● TASK DETAILS:
Where the line containing "3114 Eastern Avenue" appears in the entries below, start there and print only that line and every line after it, exactly, through the end, excluding pictures.

[RECORDS TO USE Boundary: Start]

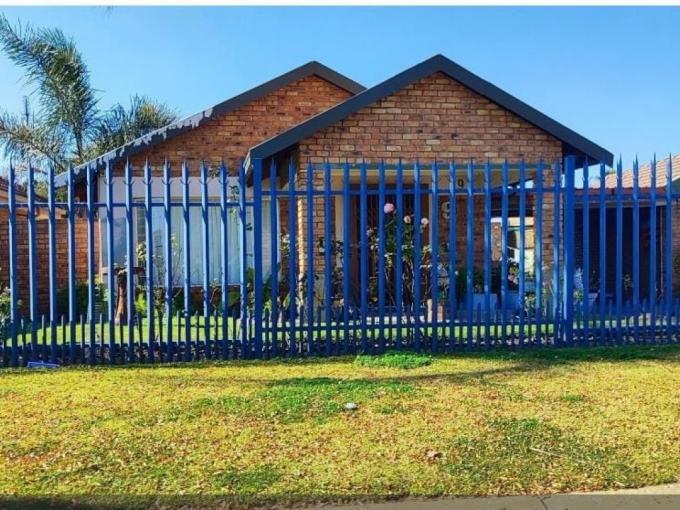 2 Bedroom House for Sale For Sale in Van Dykpark - MR688147
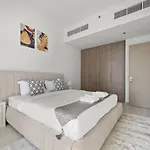 Luxury 1Br Apartment At Creek Edge Tower 2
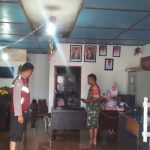 Polisi dari Polsek Batang Angkola dan personel Babinsa saat membantu membersihkan Rumah warga yang terdampak banjir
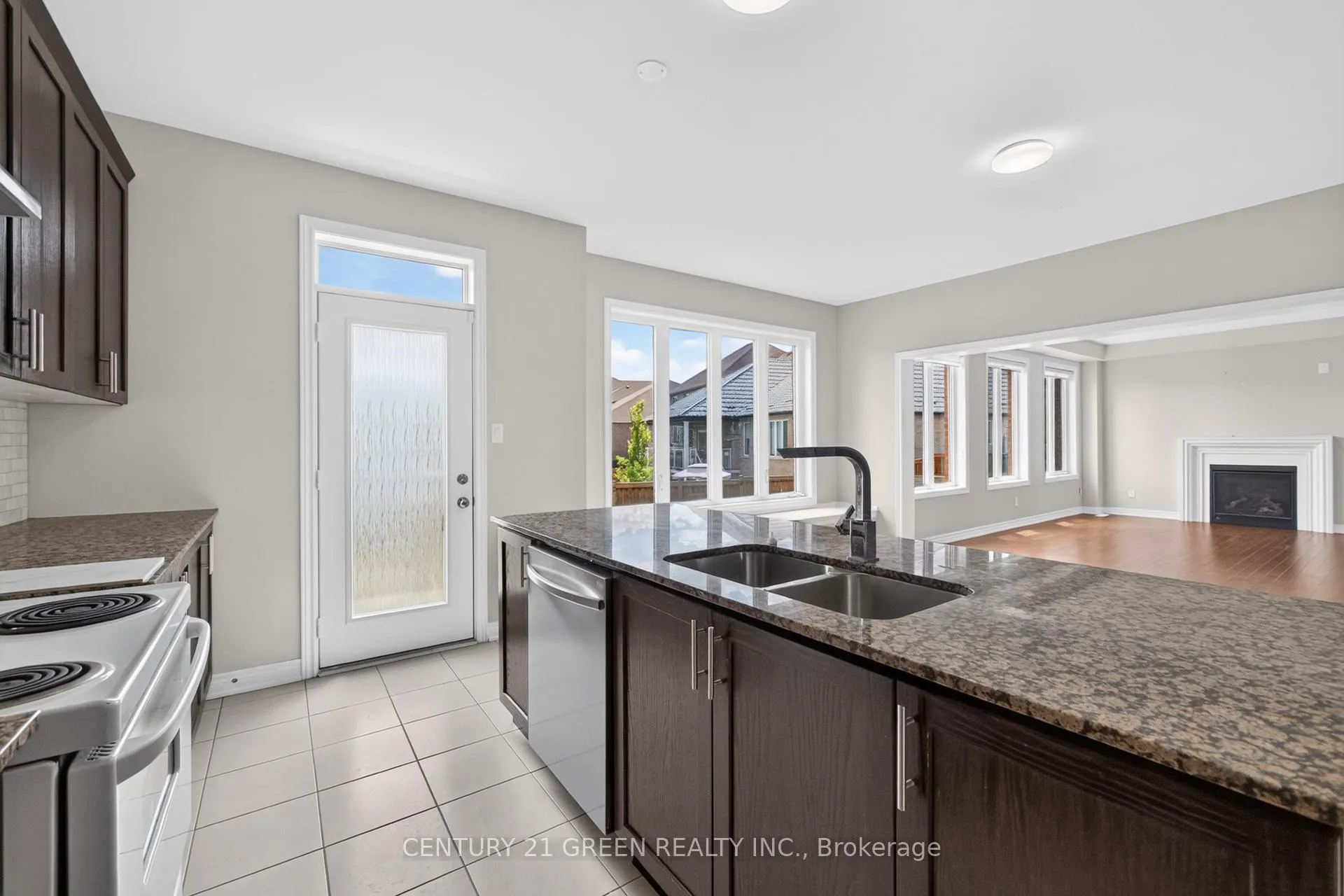 Photo 19 of 35 Roy Road, New Tecumseth, Tottenham — HOMEH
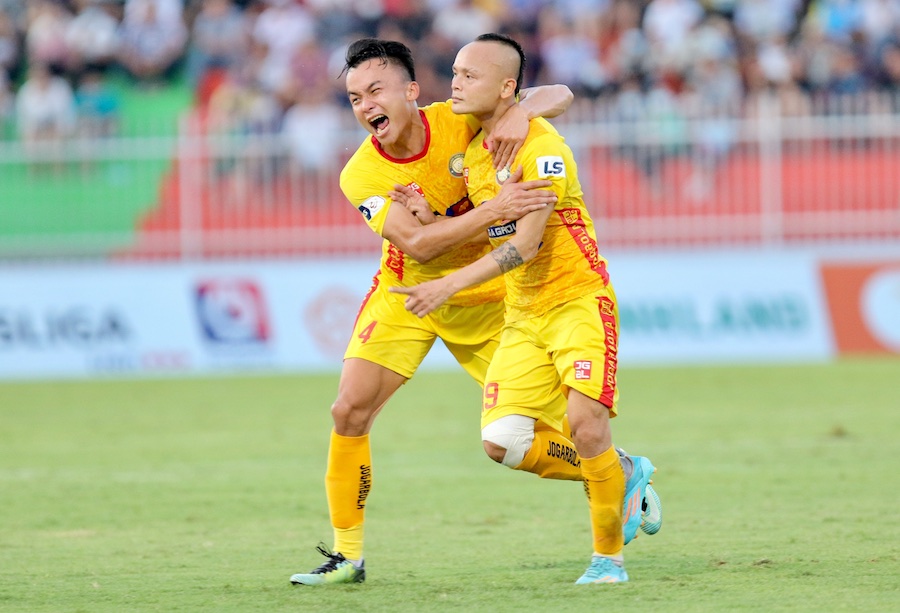 Kết quả vòng 12 V.League: Đông Á Thanh Hóa khiến Hồng Lĩnh Hà Tĩnh nhận trận thua thứ 3 liên tiếp! - Ảnh 3.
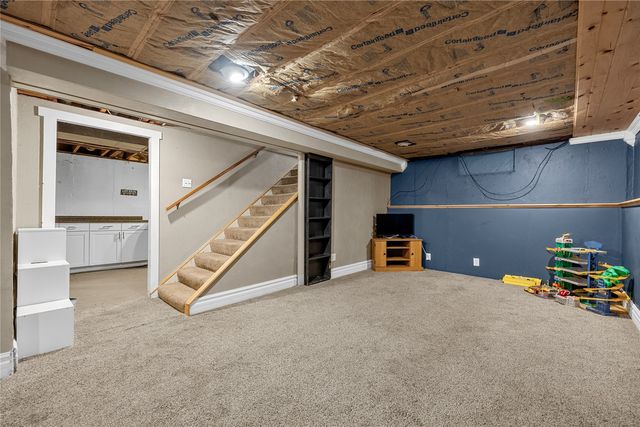 3114 Eastern Avenue NE, Cedar Rapids, IA 52402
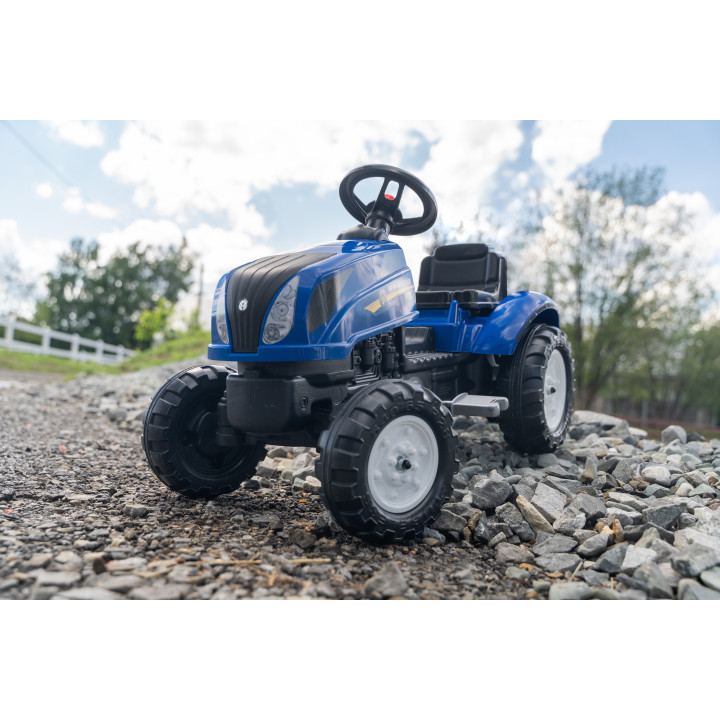FALK New Holland Pedal Tractor with Trailer and Opening Bonnet 2-5 years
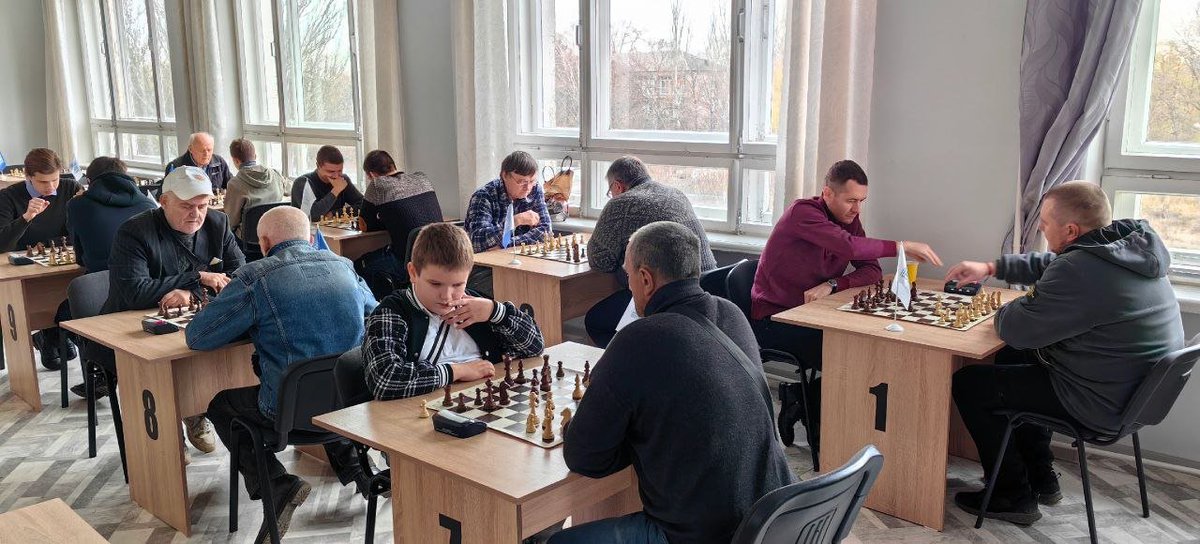 В упорной борьбе выиграл турнир, посвященный 5-летию основания Федерации шахмат Горловки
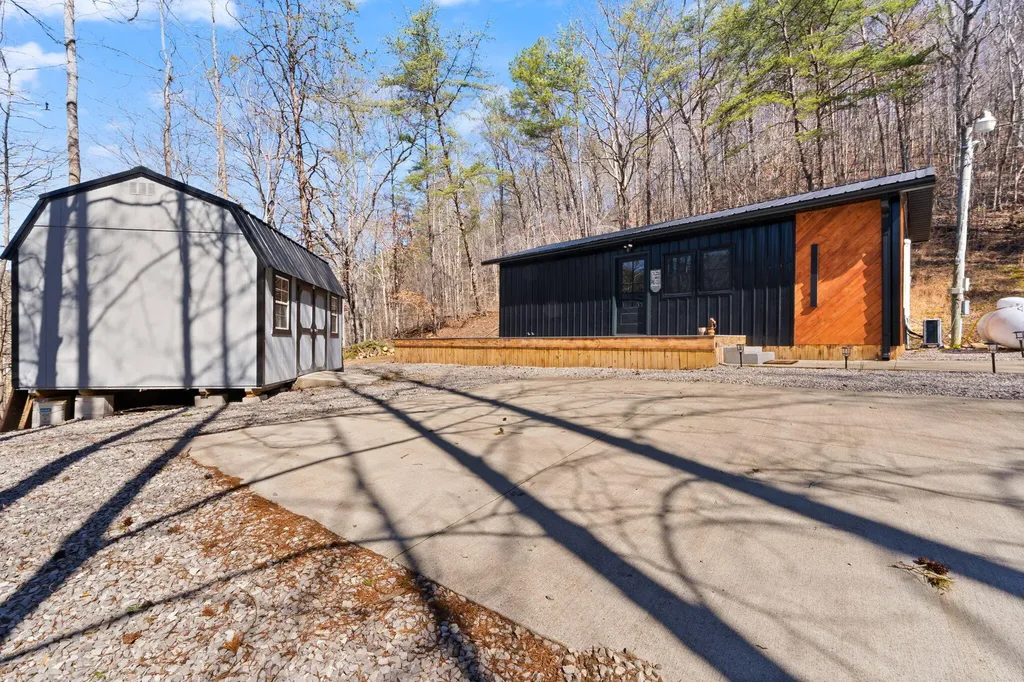 6940 State Highway 229 Barbourville KY 40906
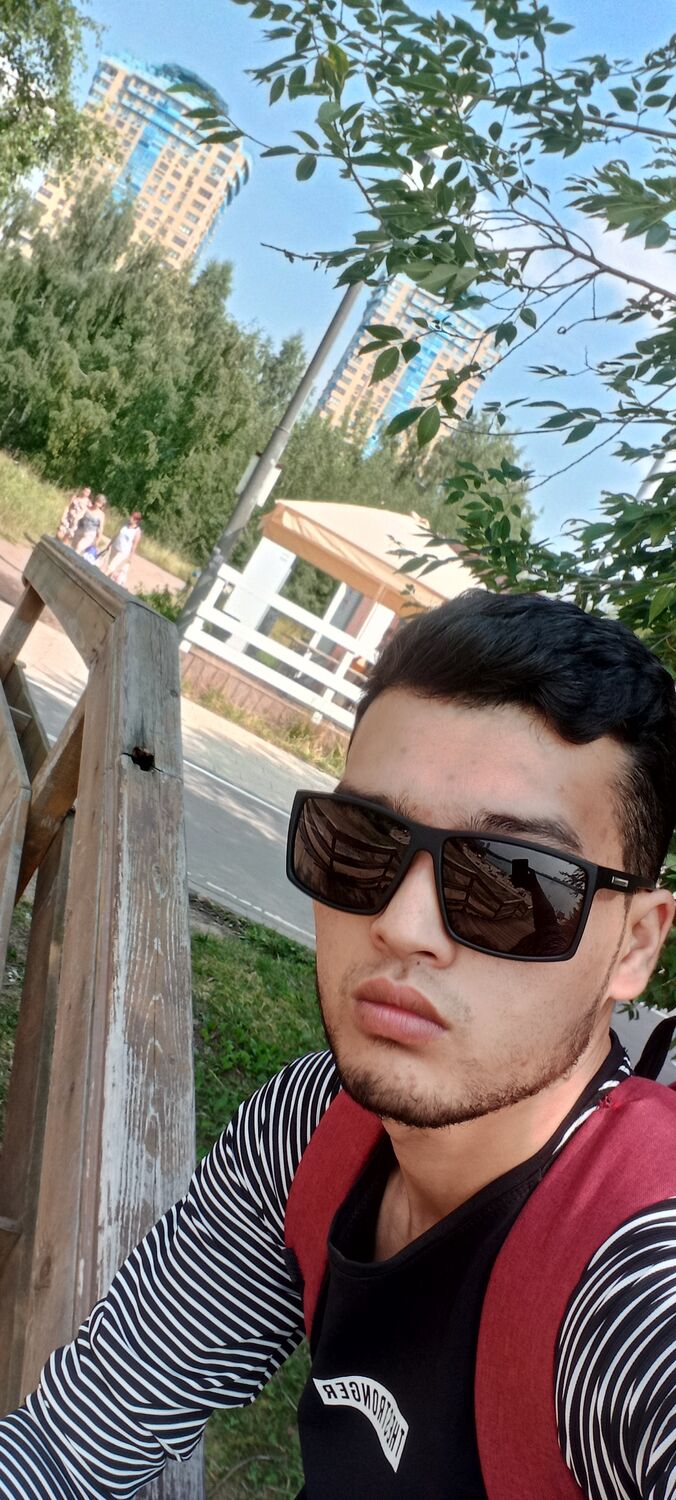  53522346  MAKSIM, 25 ,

[RECORDS TO USE Boundary: End]

● SOLUTION FOR THIS TASK:
 3114 Eastern Avenue NE, Cedar Rapids, IA 52402
FALK New Holland Pedal Tractor with Trailer and Opening Bonnet 2-5 years
 В упорной борьбе выиграл турнир, посвященный 5-летию основания Федерации шахмат Горловки
 6940 State Highway 229 Barbourville KY 40906
  53522346  MAKSIM, 25 ,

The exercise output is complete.